→ Data to process
━━━━━━
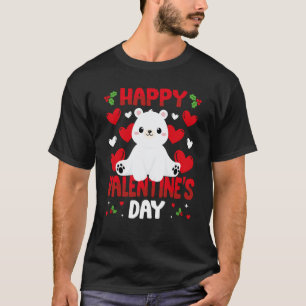 ハッピーヴァレンティーンズデイポーラベアハートラブアニマル Tシャツ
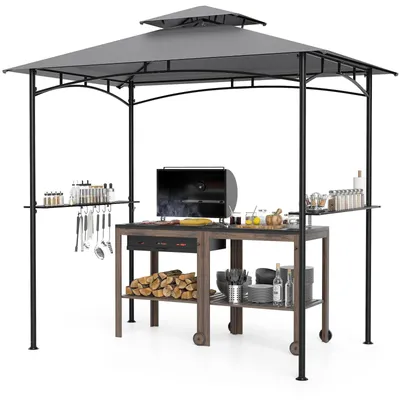 Produktbild von COSTWAY Grillpavillon 242x150cm, Gartenpavillon mit Doppeldach & 2 Seitenregalen & 6 Haken, BBQ Pavillon, Grillüberdachungen, Grillunterstand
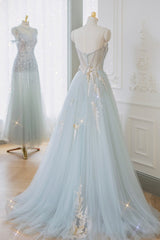 Party Dresses Website, Blue Strapless Lace Formal Prom Dress, A-Line Tulle Evening Party Dress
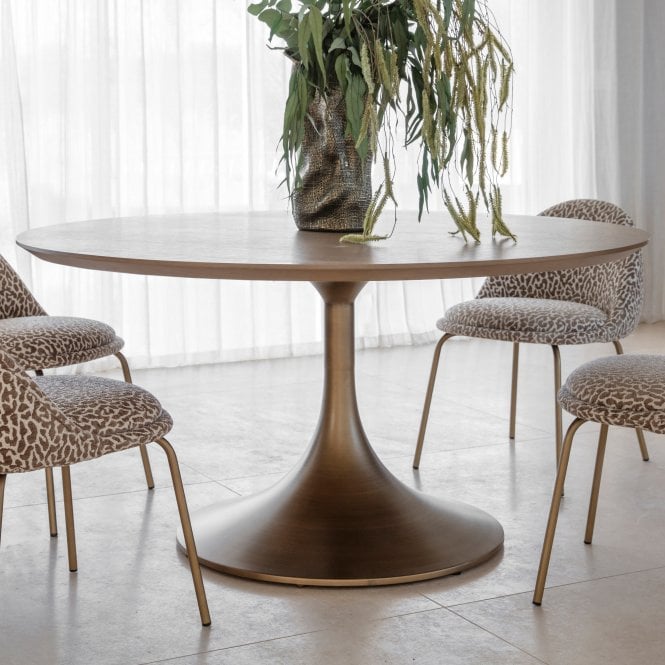 Lambley Brushed Brass Wood Dining Table by Libra Interiors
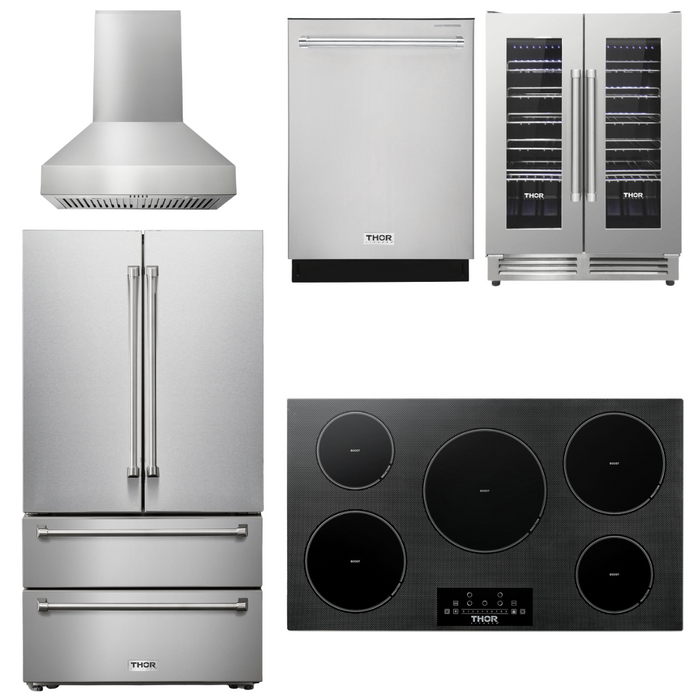 Thor Kitchen Appliance Package - 36 In. Induction Cooktop, Range Hood, Refrigerator, Dishwasher, Wine Cooler, AP-TIH36-W-3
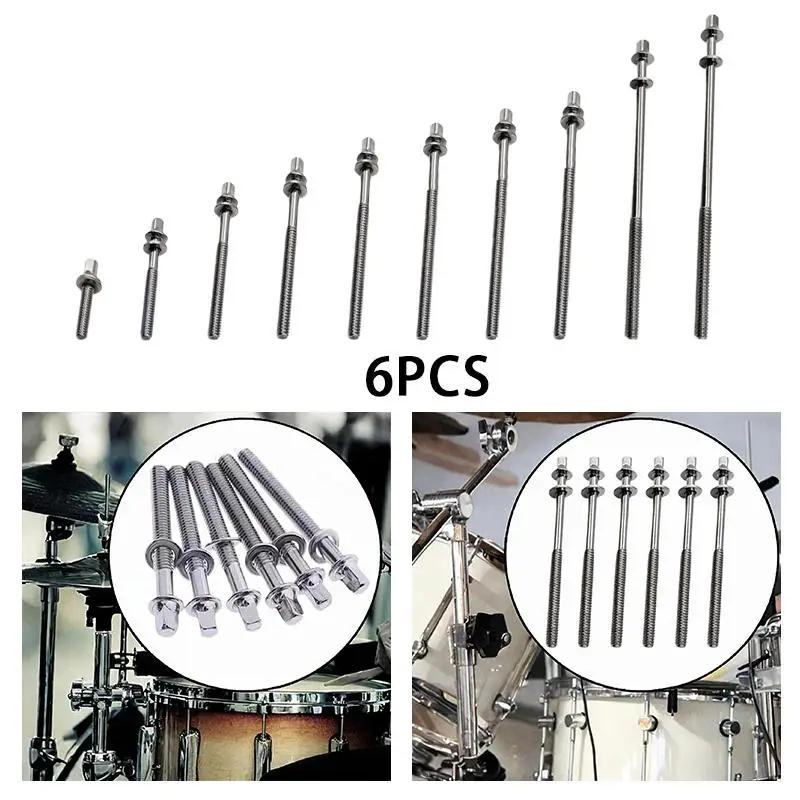 Description Picture 4 of item6Pcs Drum Tension Rods Drum Lug Bolts Strong Drum Tight Screw M5 W/ Washers Drum Lug Screws Drum Screws for Jazz Drums Repair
━━━━━━
→ Aim of the exercise
Emit an exact copy of the lines from the line bearing "Lambley Brushed Brass" through the last line above, inclusive, and leave the images out.

→ Answer space
 Lambley Brushed Brass Wood Dining Table by Libra Interiors
 Thor Kitchen Appliance Package - 36 In. Induction Cooktop, Range Hood, Refrigerator, Dishwasher, Wine Cooler, AP-TIH36-W-3
 Description Picture 4 of item6Pcs Drum Tension Rods Drum Lug Bolts Strong Drum Tight Screw M5 W/ Washers Drum Lug Screws Drum Screws for Jazz Drums Repair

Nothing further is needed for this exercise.